British Conservatives seek power deal after poll deadlock
Opposition Conservatives on Friday sought a "comprehensive" power-sharing deal with the small Liberal Democrat party after a knife-edge election left Britain in political limbo.
Conservative chief David Cameron made the offer after his party won most seats from Thursday's general election, but fell short of the overall majority needed to definitively end 13 years of Labour rule.
"I want to make a big, open and comprehensive offer to the Liberal Democrats. I want us to work together in tackling our country's big and urgent problems," Cameron told a press conference.
"I hope we can reach agreement quickly," he added.
With 638 of the 650 House of Commons seats declared, the Conservatives had 301 lawmakers compared to 255 for Labour, making it impossible for the Conservatives to win the 326 seats they need to govern alone.
Under Britain's election rules, Labour Prime Minister Gordon Brown has the right to attempt to form a coalition first, but he accepted Lib Dem leader Nick Clegg's decision to talk with Cameron first.
Cameron and Clegg would be "entitled to take as much time as they feel necessary," Brown said, while offering to talk to the Lib Dems if they failed.
"Clearly should the discussions between Mr. Cameron and Mr. Clegg come to nothing then I would of course be prepared to discuss with Mr. Clegg the areas where there may be some measure of agreement between our two parties," he said.
Britain was forced into a hung parliament for the first time since 1974 after the Conservatives finished short of an absolute majority. Cameron still insisted that Brown had lost his mandate to govern.
The pound slumped to a 13-month low against the dollar and London stocks sank on fears the deadlock would hamper the nation's ability to slash sky-high public debt, analysts said.
Until Brown and Cameron's statements, the centre-left prime minister's key allies said Labour, which has ruled since 1997, would try to cling to power through a deal with the centrist Lib Dems.
But Clegg said the Conservatives, as the largest party in the new parliament, had the "first right to seek to govern".
"It seems this morning that it is the Conservative Party that has more votes and more seats though not an absolute majority," he said.
"That is why I think it is now for the Conservative Party to prove that it is capable of seeking to govern in the national interest."
It was the first indication that the Lib Dems would be prepared to strike a deal with the Conservatives.
Despite their potential role as kingmakers, the Liberal Democrats won just 56 seats -- a disastrous showing after they had seen a surge of support in the campaign on the back of Clegg's strong performances in TV debates.
After he retained his seat in Witney, southern England, Cameron tried to grab the momentum by insisting Britain was crying out for "new leadership" after 13 years of Labour.
"What is clear from these results is that the country, our country, wants change. That change is going to require new leadership," he said.

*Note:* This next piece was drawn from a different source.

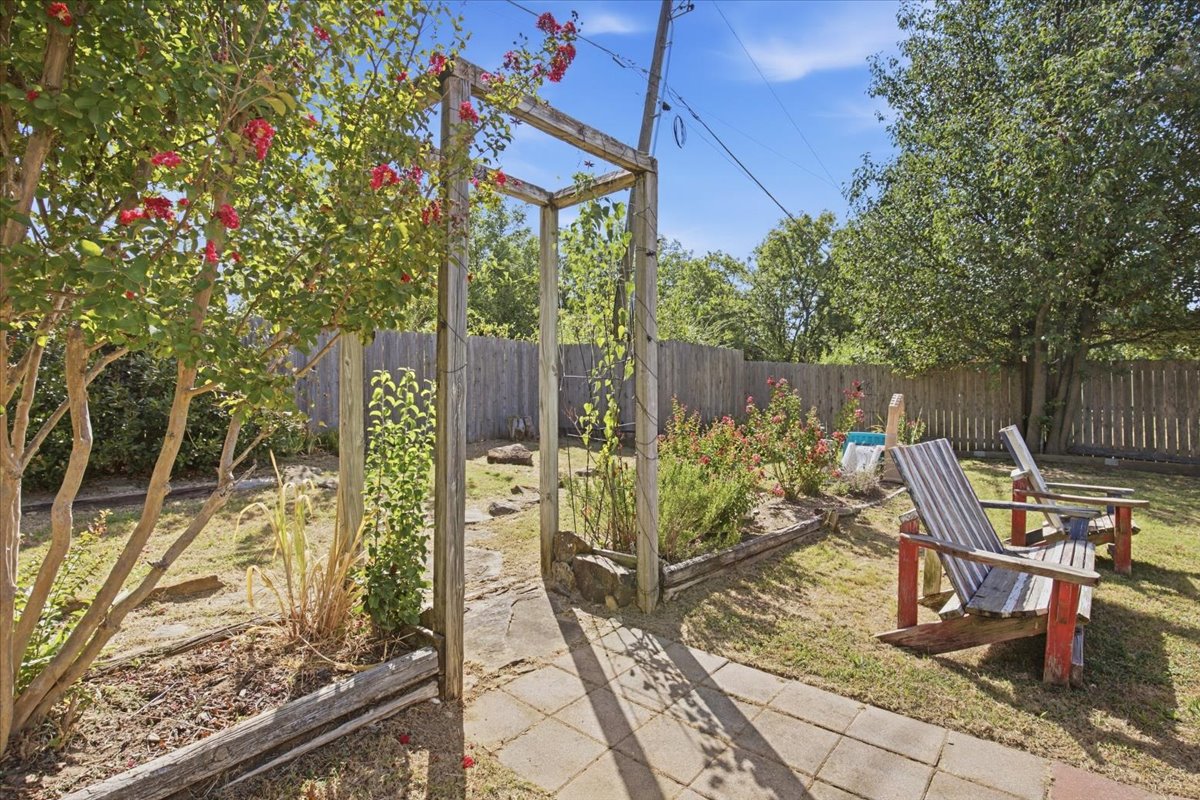 620 Ann Property Photo 41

Some commentators said the only solution to the deadlock might be a fresh election.
"Either way there's going to be an election again soon, probably before the end of the year," Victoria Honeyman, a politics professor at Leeds University, told AFP.
"The more we hear of the different permutations of who might work with whom after tonight, the more I feel there is only one certainty: we'll be having another general election before too long," said the Guardian newspaper.

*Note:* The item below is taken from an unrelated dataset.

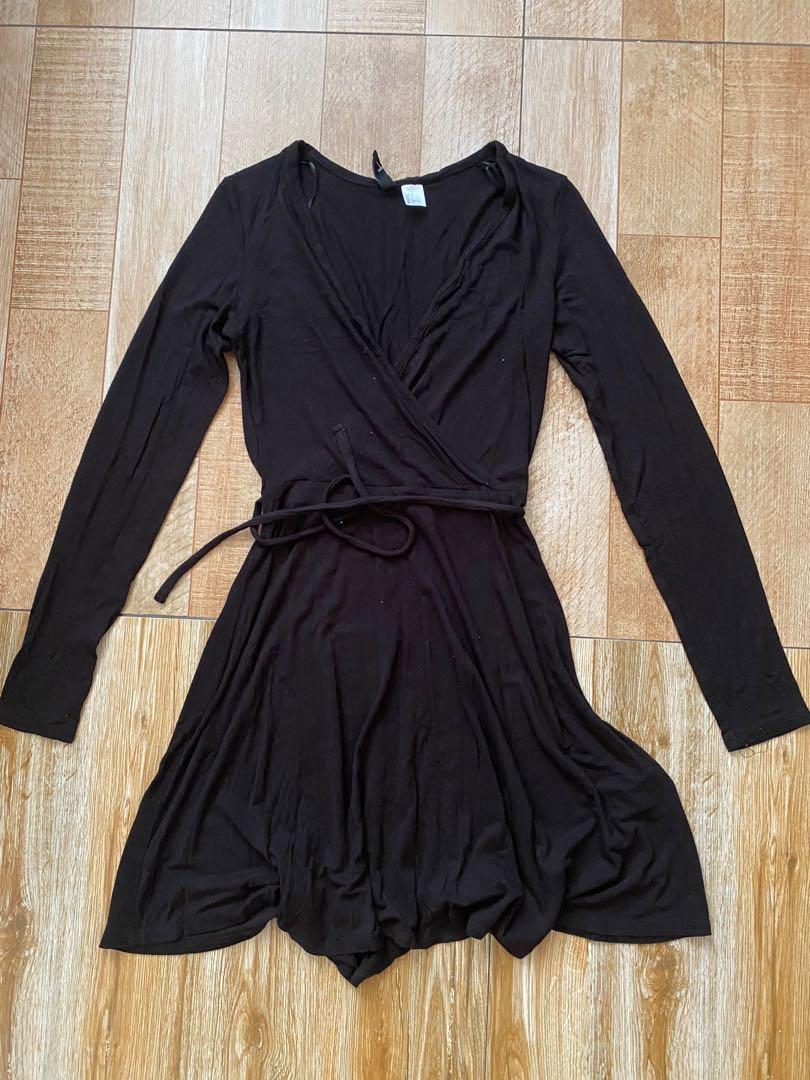 H&M Black dress (Category: Dresses) located in Naga. Submitted by empr_ (Listing ID 1163867969, Image 1). Description: .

There were several notable political casualties of the election.
Northern Ireland First Minister Peter Robinson lost his House of Commons seat after a sex and cash scandal involving him and his wife.

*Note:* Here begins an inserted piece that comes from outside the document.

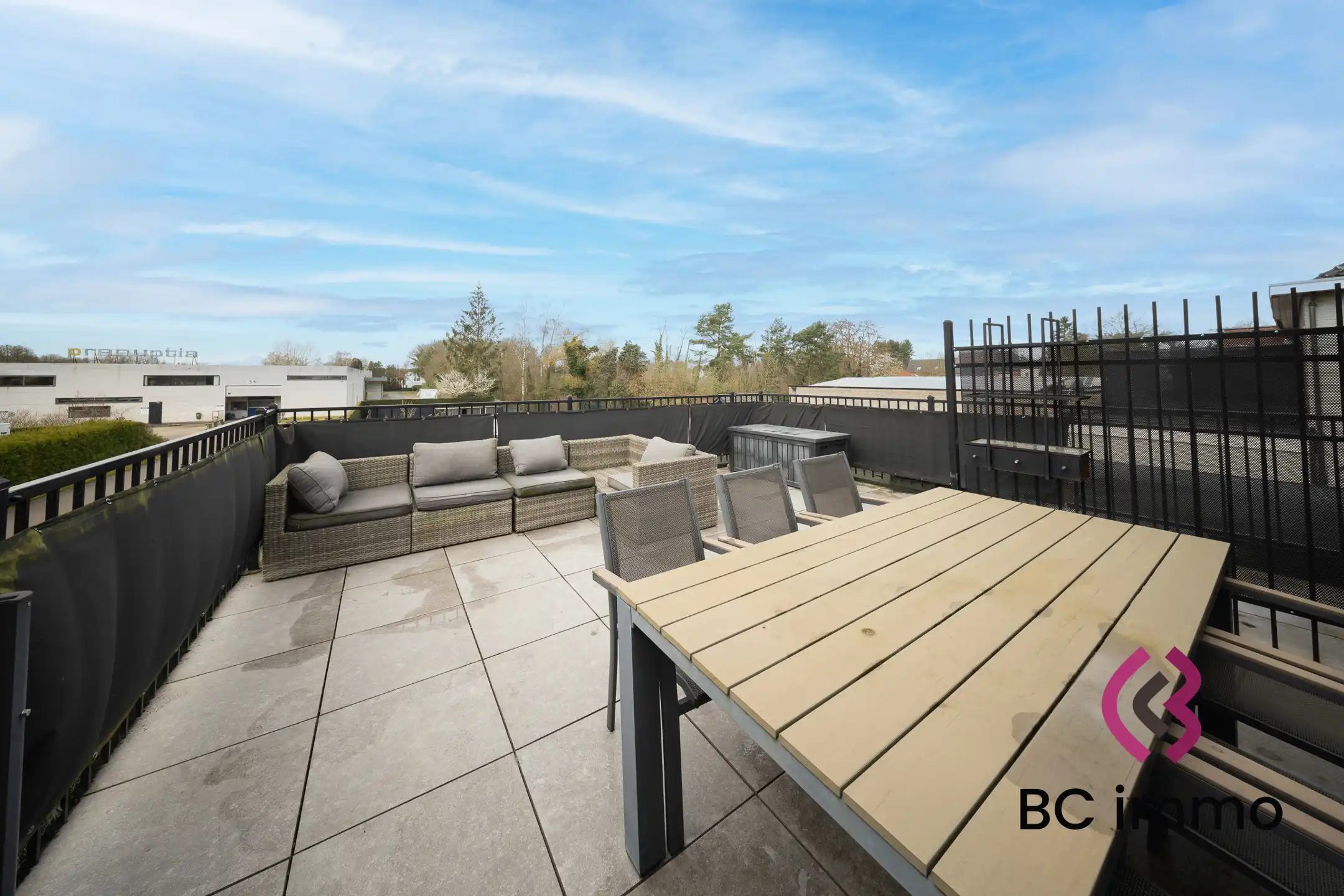 Exclusief duplex met zonneterras, designkeuken en hoogwaardige afwerking foto 2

But he will stay on as Northern Ireland's leader due to his seat in the British-ruled province's assembly.
Labour losses included former interior minister Jacqui Smith, who was caught up in an expenses scandal after claiming for porn films for her husband. She lost her seat in Redditch, central England, to the Conservatives.
The polls were marred by protests by voters prevented from casting their ballots in London, Leeds, Sheffield and other cities because they were still queuing at 10:00pm (2100 GMT) when polling stations closed.
Justice Secretary Jack Straw said legal challenges could not be ruled out, while the Electoral Commission watchdog launched an investigation.